I watched this in two parts, and having stopped halfway through, I was really into it and thought those who claim it is homophobic were those gays who just want everything to be super happy and refuse to acknowledge any negativity in the gay world. Once I finished it, I can see that they have a point. It does paint an extremely bleak view of gay people as individuals incapable of full emotional attachment, monstrously cruel toward others, and astonishingly selfish… to the point of homophobia. If Fassbinder had only included a few gay people who weren’t wholly horrible, it would be a different story, but here they are all invariably monsters. So I can see where those who claim this film is homophobic have a point.

However, as is often the case, that is only one narrow way of viewing a tiny part of the vast amount this movie has to say. First, let’s keep in mind that there are also several venal straight people on hand here, and really no one emerges with any dignity, except perhaps Salem, the Moroccan hustler. Secondly, I don’t want to speak for anyone else, but I have certainly had periods where I was thoroughly disgusted with the workings of the gay world and appalled by the behavior everyone within it, and I consider this movie to be one long, sustained expression of that kind of pain and despair. I suspect if we knew everything about Fassbinder’s life we might find one person or set of experiences that resulted in this film, and the character of Eugen. Let’s also keep in mind that this is the only film in which he stars in the main role, which also argues for it being a very personal statement he felt very connected to. So instead of resenting the movie as being homophobic, instead I feel bad that Fassbinder got to such a place where he was so very bitter toward all of humanity, and his fellow gays specifically. Awwww! Someone needs a big hug!

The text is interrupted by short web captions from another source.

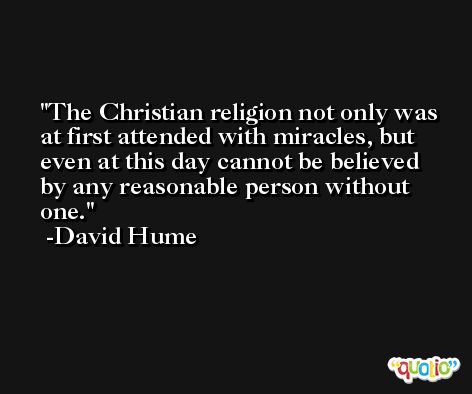 The Christian religion not only was at first attended with miracles, but even at this day cannot be believed by any reasonable person without one. -David Hume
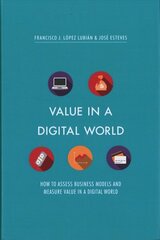 Value in a Digital World: How to assess business models and measure value in a digital world 2017 1st ed. 2017 цена и информация | Книги по экономике | kaup24.ee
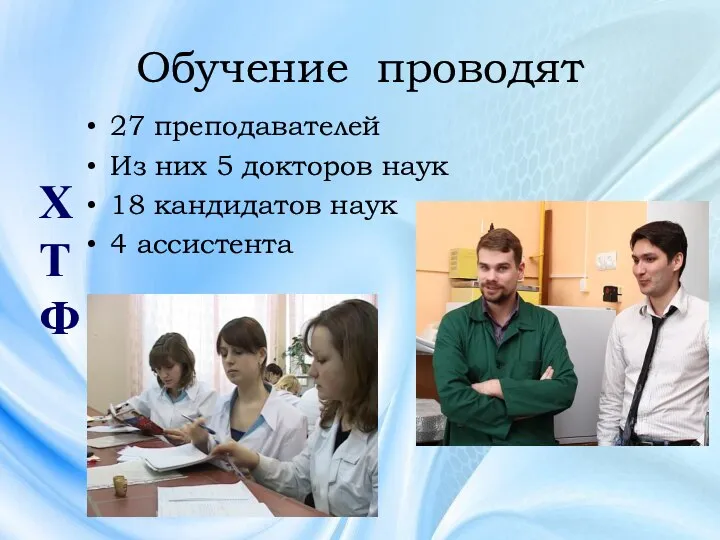 Обучение проводят 27 преподавателей Из них 5 докторов наук 18 кандидатов наук 4 ассистента ХТФ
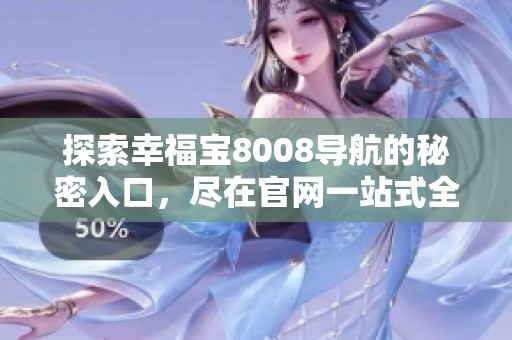 探索幸福宝8008导航的秘密入口，尽在官网一站式全览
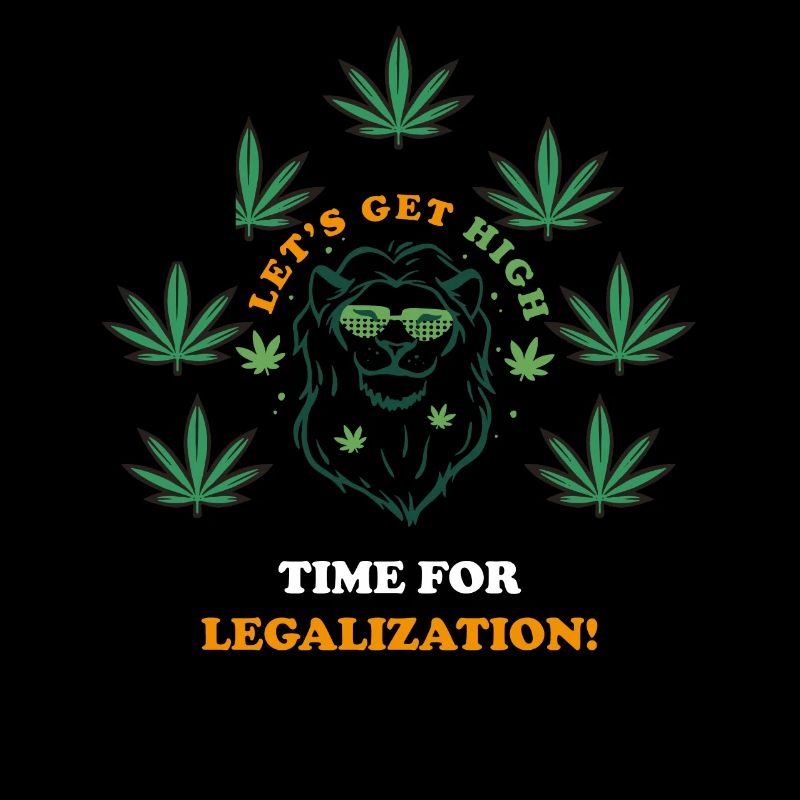 Cannabis. Weed. Saying. Gift idea.Legalization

Nevertheless, as I said, I have been at or near that place before, and I found a lot of the criticism this movie lays out against certain gays fairly cathartic to watch—especially as an antidote to most gay films, in which typically all conflict intrudes from outside the gay world—usually with the evil straight people—and gay people are often portrayed as wonderful saints and paragons of even-balanced wisdom and compassion. I also really enjoyed seeing some things on screen you don’t normally see, such as bathroom cruising, and the whole dynamic toward the beginning that although Fox doesn’t have money, he has currency from being hot and having a big dick. The situation in which an upper-class, educated person takes up with a less-educated-but-hot person is also not unfamiliar, and I enjoyed seeing all of this portrayed in an interesting way, where being gay itself is not the issue and all of this is just presented factually and taken for granted. There’s also a lot to mull over in the issues of how a more repressive social atmosphere leads to gay men who identify as more feminine, and adopt bitchy, hateful attitudes. One can see, from one’s own life, how as gays grow generally more accepted, these types and the kinds of behavior they feel compelled to display toward each other grows less common. So to a gay person, this film offers a ton to process and contemplate.

Should you watch it: 

Yes, especially if you're gay and want more out-of-the-way gay fare. I would just save it for that time when you're really, REALLY bitter.